Ein Großteil der Jugendlichen nimmt das Schlangestehen gerne in Kauf; für sie ist der Einkauf bei Abercrombie & Fitch ein Erlebnis, „etwas ganz Besonderes“, sagt Hendrik Schröder. „Das Konzept heißt Verknappung. Die Kleidung wirkt begehrenswerter und wertvoller, weil man darauf warten muss.“ Schröder ist Professor für Marketing und Handel an der Uni Duisburg-Essen und weiß um die clevere Vermarktungsstrategie des Labels. „Die Marke wird greifbar, weil sie den Kunden auf verschiedenen Sinnesebenen anspricht.“ Firmentochter „Hollister“, die vergangenen Winter einen Shop im Centro Oberhausen eröffnete, hat's in Deutschland vorgemacht.

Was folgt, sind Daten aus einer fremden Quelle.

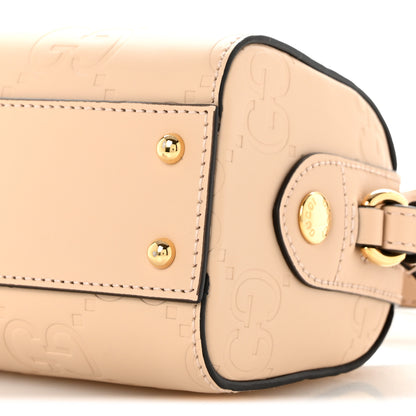 Gucci Gilbert Calfskin Jumbo GG Embossed Super Mini Top Handle Bowler Bag Beige 10 of 12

Ältere Kundschaft bewusst ausgeklammert
Abercrombie & Fitch perfektioniert es nun auf vier Etagen in Düsseldorf. Und das beginnt schon an der Tür: „Welcome to A and F“, empfängt die Kundschaft dort ein Beau mit verführerischem Zahnpastalächeln, der im normalen Leben auch ganz gut Deutsch spricht. Aber Englisch und gutes Aussehen ist bei Abercrombie & Fitch Pflicht. Betäubend süßer Parfümduft schlägt den Kunden dort entgehen, während der Schönling fürs gemeinsame Foto seinen stählernen Waschbrettbauch in Szene setzt. Das Polaroid gibt’s gratis. Danach ist nichts mehr umsonst. Denn Exklusivität hat ihren Preis: „Gut dreimal so teuer wie in Amerika ist es hier“, beschwert sich eine Kundin.
Gut, dass man das auf den ersten Blick kaum erkennen kann: In der düsteren Modewelt von Abercrombie & Fitch gelten eben andere Regeln. Licht wird hier nur sparsam und vor allem gezielt auf das gerichtet, worauf es ankommt: Die Klamotten. Nach Preisschildern muss man mühsam mithilfe des Handydisplays suchen. Um die vorweihnachtliche Kauflust trotzdem zu steigern, dröhnt im Hintergrund die Techno-Version von „All I want for Christmas is You“ aus den Boxen.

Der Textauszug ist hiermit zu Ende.